A vontade alemã de extinguir a nação polonesa, exterminando os intelectuais e banindo as universidades, se mostra dentro do zoológico ao Heck confiscar o restante dos animais que sobreviveram ao bombardeio de setembro. Jan Zabinski começa então a mostrar-se um estrategista que passaria toda a guerra a enganar os alemães, e consegue autorização para transformar seu domínio numa granja de porcos. Ao que os alemães instalam um depósito de munição dentro do zoológico, Jan instala um pequeno arsenal da Resistência Polonesa logo ao lado, antecipando que ali seria o lugar onde os nazistas menos procurariam por tal coisa.
Com a progressão da repressão capitaneada por Hans Frank, os judeus de Varsóvia são confinados ao gueto da cidade, um lugar que tornou-se um formigueiro humano sujeito a epidemias e fuzilamentos aleatórios pela SS. É aí que os Zabinski vêem-se na obrigação moral de estender a mão às vítimas do nazismo. Com seus contatos dentro da Resistência e uma incrível perspicácia que numerosas vezes enganou os alemães, Jan resgatou diversas pessoas de dentro do gueto e instalou-as, mesmo que provisoriamente, dentro das dependências do jardim zoológico. Ao longo da ocupação, mais de 300 pessoas foram salvas da morte certa pelos Zabinski, e a narrativa de Ackerman é recheada de passagens emocionantes sobre o perigoso cotidiano dentro dos limites do zoo.
A autora também mescla a história principal com narrativas secundárias tocantes, como a de Irena Sendler e a de Janusz Korczak, que acalmou até o fim um grupo de crianças às portas da morte em Treblinka. Tais histórias complementam e adicionam valor ao mérito dos Zabinski, que a certo ponto acolheram a própria Irena Sendler após sua fuga da Gestapo.

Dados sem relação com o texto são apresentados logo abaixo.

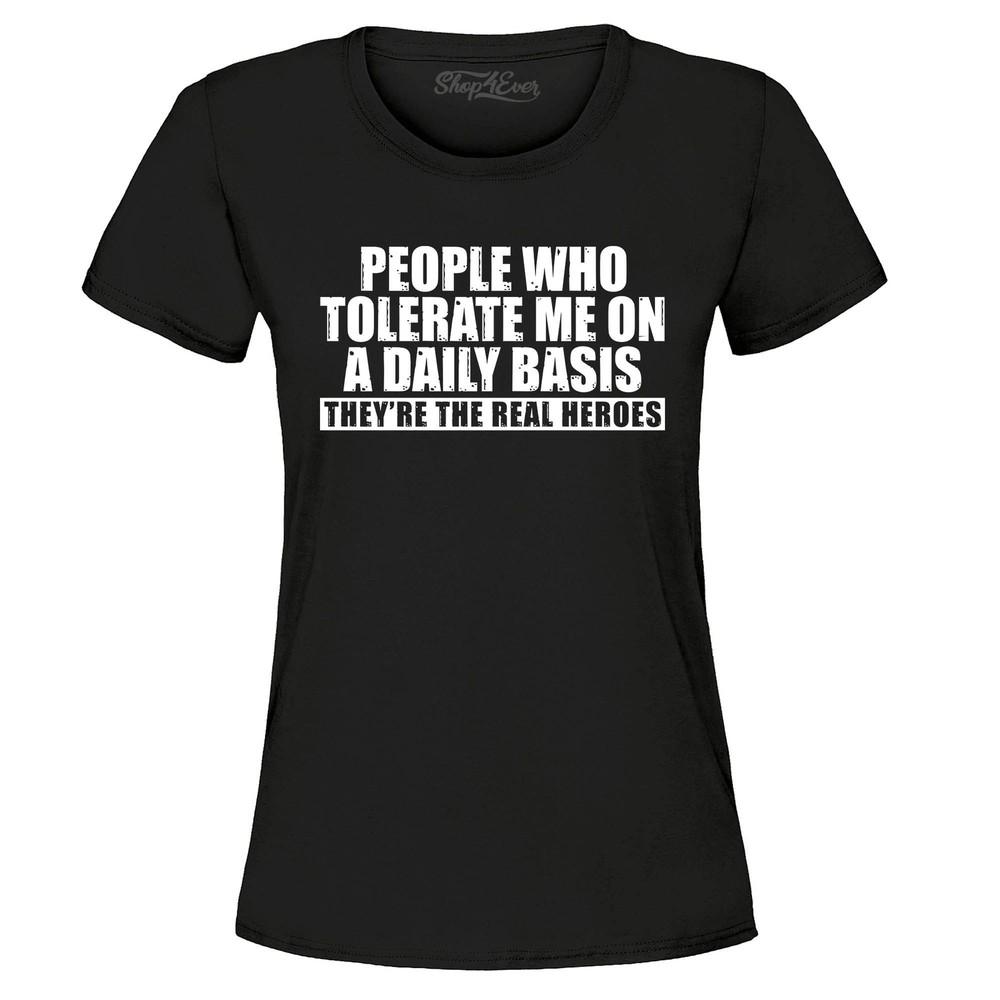 

People Who Tolerate Me On A Daily Basis Women s T-Shirt Popular Shirts 2XL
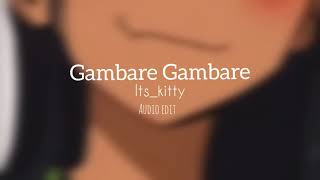 Gambare Gambare || AUDIO EDIT || itz_kitty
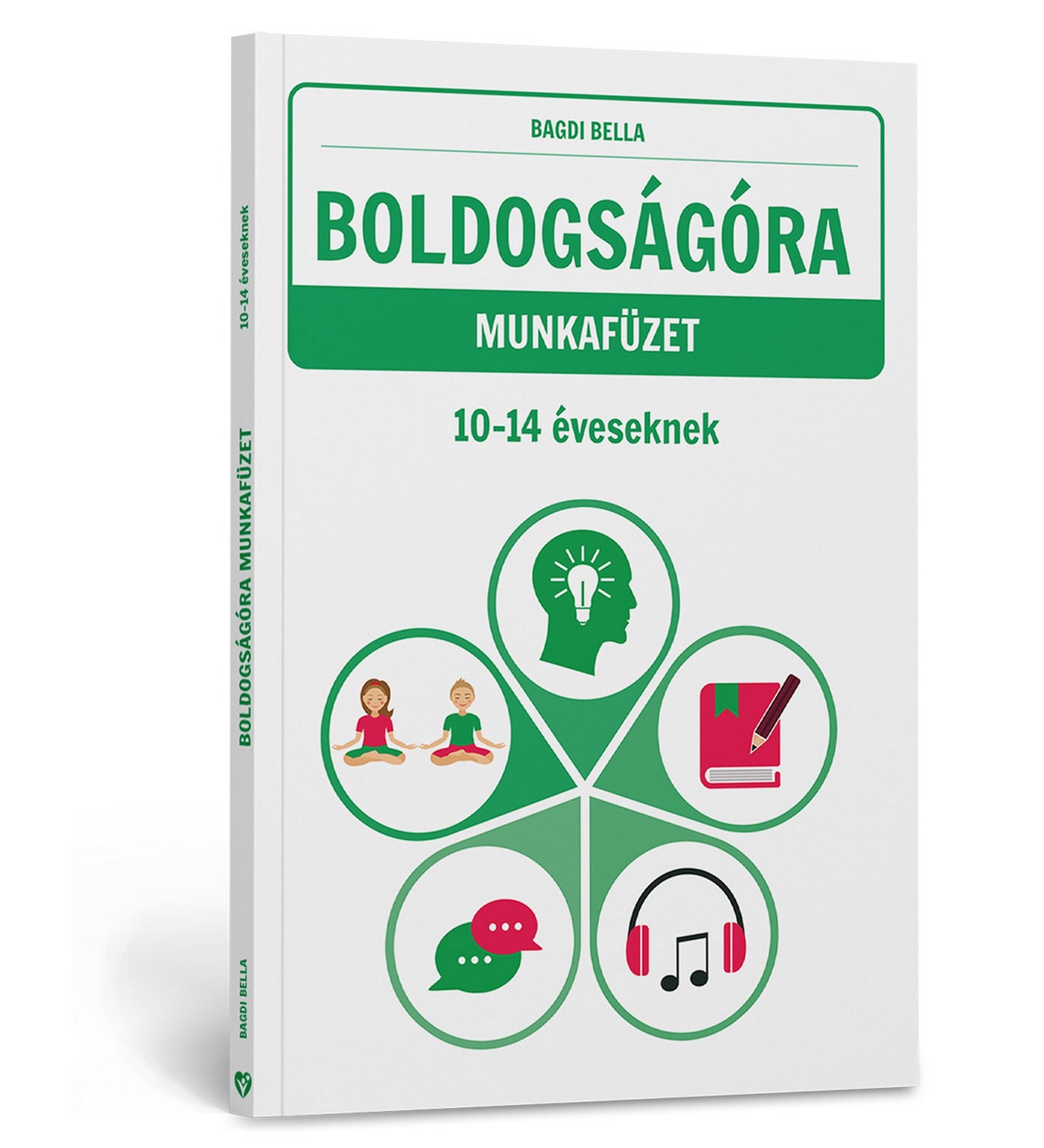 Boldogságóra munkafüzet 10–14 éveseknek könyv borítója, zöld-fehér dizájnnal, ikonokkal amelyek a gondolkodást, tanulást, relaxációt, kommunikációt és zenét jelképezik.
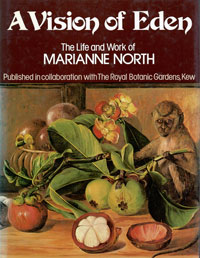 NORTH -  Brenan, J.P.M. et al: - A Vision of Eden: The Life and Work of Marianne North.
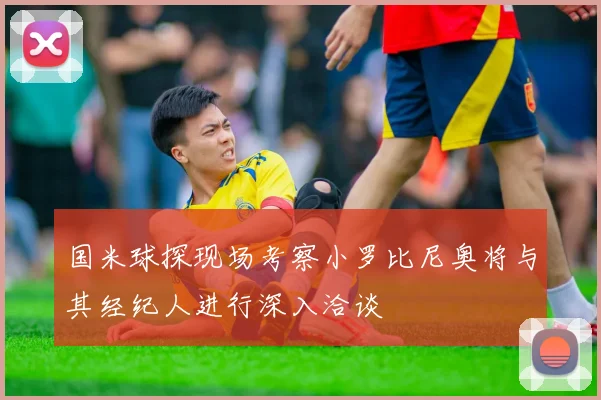 国米球探现场考察小罗比尼奥将与其经纪人进行深入洽谈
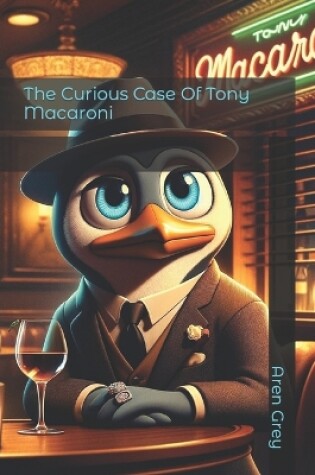 Cover of The Curious Case Of Tony Macaroni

A tragédia do Levante de Varsóvia, na qual brutais tropas da SS chefias pelo Obergruppenführer Bach-Zelewski destruíram a cidade, sufocando a Resistência e assassinando 200 mil pessoas, é contada com detalhes, ressaltando a imobilidade sádica do Exército Vermelho, que permitiu o massacre, apenas observando acampado à beira da cidade. Esta ferida, ainda não completamente cicatrizada no coração polonês, é o ápice da narrativa. Relegada à sombra soviética após a queda dos nazistas, a nova Polônia comunista não reconheceu o mérito de Jan Zabinski. Ele foi, contudo, homenageado pelo governo israelense com o título de “Justo Entre as Nações”, e teve uma árvore plantada em sua honra no Memorial do Holocausto em Israel, em 1968.
Lançado em 2007 nos EUA, o livro figurou em 13º lugar na lista de best-sellers do New York Times, e já inspirou cineastas poloneses a levar a heróica história do Zoológico de Varsóvia para o cinema. A obra de Ackerman proporciona boas horas de leitura, misturando momentos de tensão, alegria e talvez a maior piada de humor negro já vista, protagonizada por dois soldados da SS. Uma publicação que vale a pena conferir.